基調となる朱色をはじめとして、種々の鮮やかな色を用いた非常に美しいこの塔は、2008年(平成20年)の大開帳にあわせて漆塗りの彩色の修復が施され、創建当時のきらびやかな姿が現代によみがえりました。
朱色には防腐剤の役割と魔よけの意味がこめられています。
また、約10.6センチメートル四方の金箔が、1階部分だけで19,000枚も使われているという豪華絢爛さにも注目です。
高さは約 25m です。
三重塔は「五智三重塔」という別名の示す通り、塔内には5 つの智慧を備えているといわれる「五智如来」が安置されています。

 ※五智如来とは、大日如来を中心とし、東の阿閃如来(あしゅくにょらい)、南の宝生如来(ほうしょうにょらい)、西の阿弥陀如来(あみだにょらい)、北の不空成就如来(ふくうじょうじゅにょらい)の5体をセットとした呼び名です。
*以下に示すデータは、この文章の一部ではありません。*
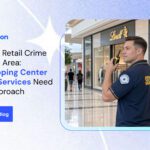 Shopping center security services for Bay Area retail crime prevention
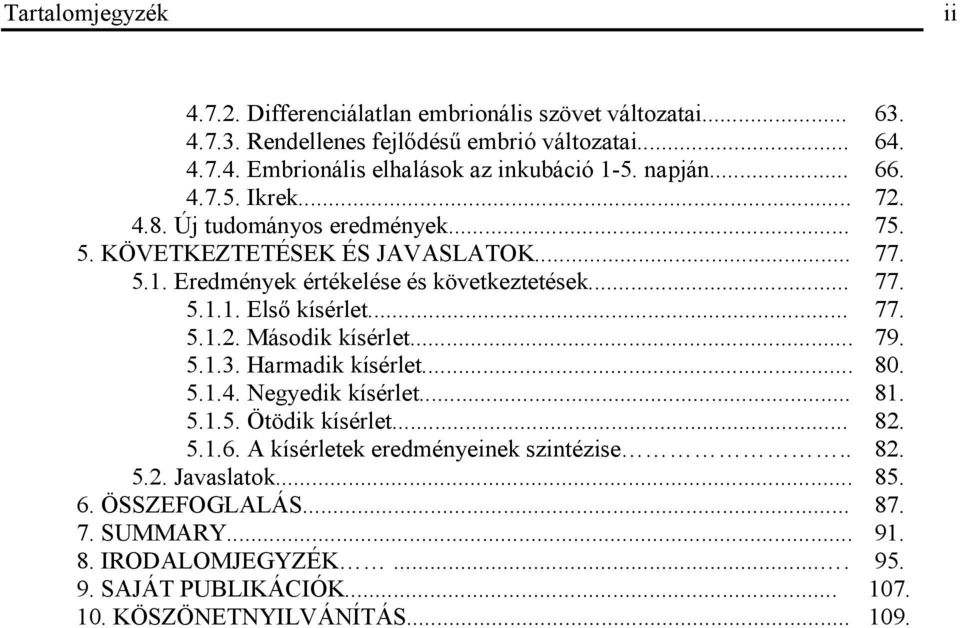 .. 77. 5.1.2. Második kísérlet... 79. 5.1.3. Harmadik kísérlet... 80. 5.1.4. Negyedik kísérlet... 81. 5.1.5. Ötödik kísérlet... 82. 5.1.6.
五大如来とも呼ばれ、以下に挙げる密教の五智をそれぞれそなえた如来のことです。
 ・大日如来:法界体性智(究極的実在それ自身である智)
 ・阿閃如来:大円鏡智(鏡のようにあらゆる姿を照し出す智)
 ・宝生如来:平等性智(自他の平等を体現する智)
 ・阿弥陀如来:妙観察智(あらゆるあり方を沈思熟慮する智)
 ・不空成就如来:成所作智(なすべきことをなしとげる智)

三重塔の東西南北の各面の扉の左右には十六羅漢の彫刻がはめ込まれています。

 ※十六羅漢とは、釈迦の弟子で特に優れた代表的な16人の弟子のこと

また、塔をぐるりと囲むように金色の霊獣の彫刻が施されています。


一階層は「龍」、二階層は「麒麟」、三階層は「獏」となっており、それぞれ阿形と吽形があります。
下から見上げると見事な雲水紋とのコントラストがお楽しみいただけます。